Singaporean sportsperson

Arumugam Vijiaratnam (24 August 1921 – 18 February 2016) was the only Singaporean who represented his country in four sports — hockey, cricket, football and rugby — doing so from 1946 to 1956. He was the first Singaporean engineer. A top civil servant, Vijiaratnam represented Singapore at the 1956 Melbourne Olympic Games in hockey, where he was instrumental in the 6-1 rout of the United States.

==Education==
Born in Ipoh, Malaysia, Vijiaratnam studied in Victoria School in Singapore from 1937 to 1940. He was one of the first government scholars to demonstrate that sports and studies could be balanced successfully. He was awarded government scholarships to study engineering at Kuala Lumpur Technical College in 1941 and Brighton College of Advanced Technology in 1950 where he graduated with an engineering degree. He captained the hockey and cricket teams at the Brighton College of Advanced Technology.

==Career==
After he returned to Singapore in 1953, he worked for the Public Works Department until he was seconded to the Port of Singapore Authority (PSA) in 1964. He played a key role in PSA's formation, helping to develop its containerisation programme, and rose to become its chief engineer. He worked in PSA for 17 years and was one of two key men who were instrumental in reclamation works for Changi Airport, a feat that drew mention in Singapore's founding father, Lee Kuan Yew's Memoirs, From Third World to First: The Singapore Story. He later returned to PSA and retired from there as the director of engineering at the age of 75.

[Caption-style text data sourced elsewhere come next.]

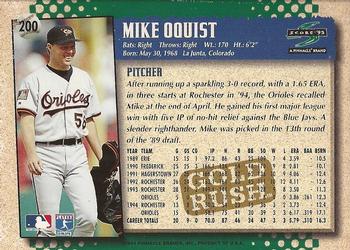 1995 Score - Gold Rush #200 Mike Oquist Back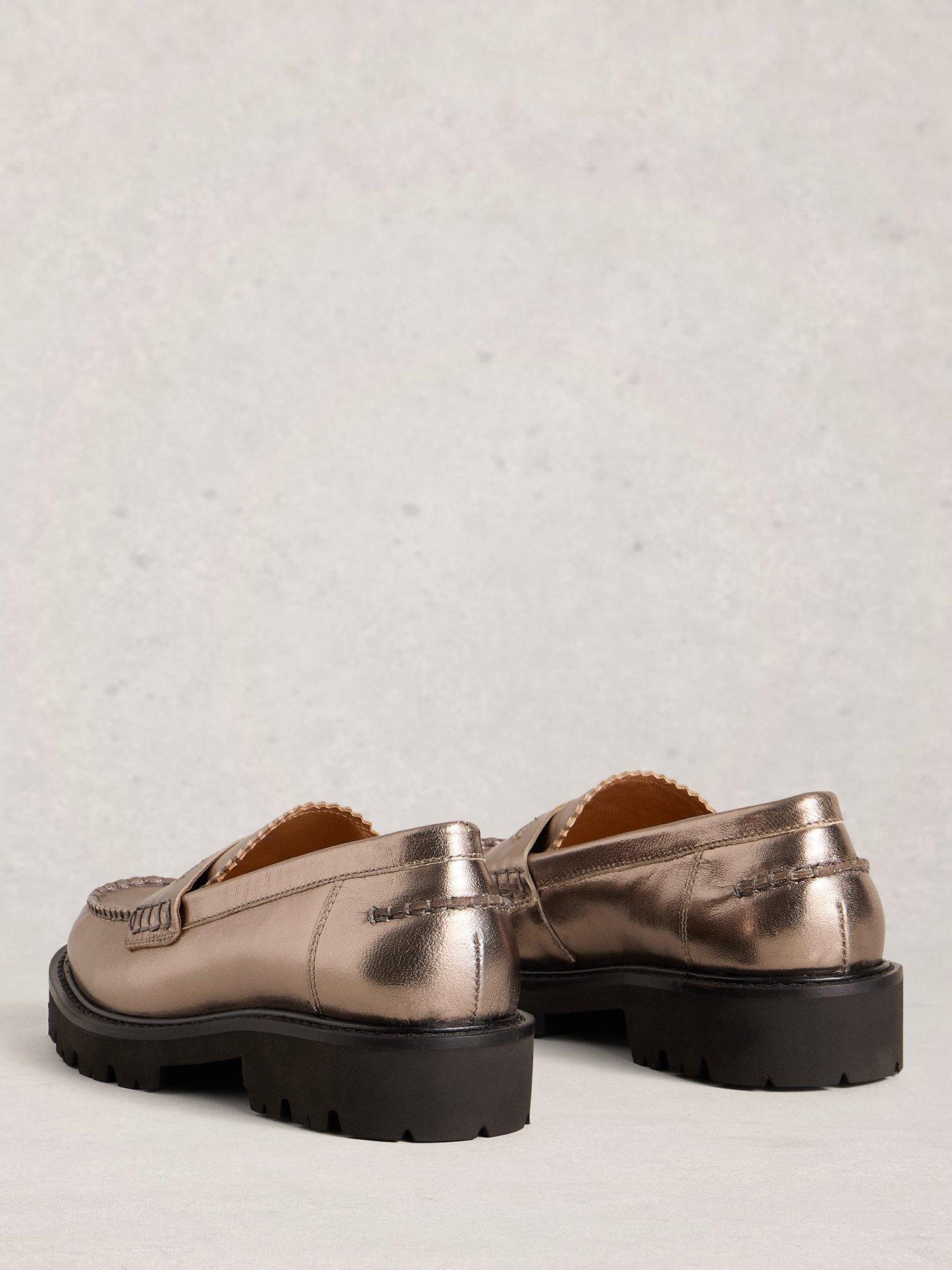 Product image 2 of 4, which shows White Stuff Laura Chunky Loafers, Pewter, 4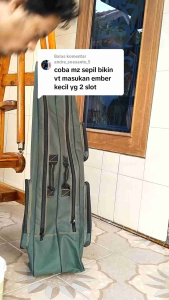 TAS JORAN PANCING JUMBO WATERPROOF 120 CM  100 CM 90 CM 80 CM 75 CM READY STOK SEMUA UKURAN ALL NEW SERIES TERLARIS KUAT DAN AWET DARI BAHAN KAIN TERPAL JEEP TERPAL TRUCK MUAT JORAN PANCING BANYAK BESERTA REEL PANCING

Vijiaratnam became the first Pro-Chancellor of Nanyang Technological University in 1992 and served until 2005. He was also chairman of Tamil Murasu for ten years from 1995, and served on the Presidential Council for Minority Rights from 1994 to 2001. He was also the first Asian to serve as vice-president of the Britain-based Institution of Structural Engineers.

Vijiaratnam died peacefully at his home in Maryland Drive, off Holland Road, in 2016. He left behind a son, Vijendran, and 3 daughters. His wife, Yogasoundary, died in 2011.

==Book==
A book about his life, "Engineered For Success", was launched in March 2016.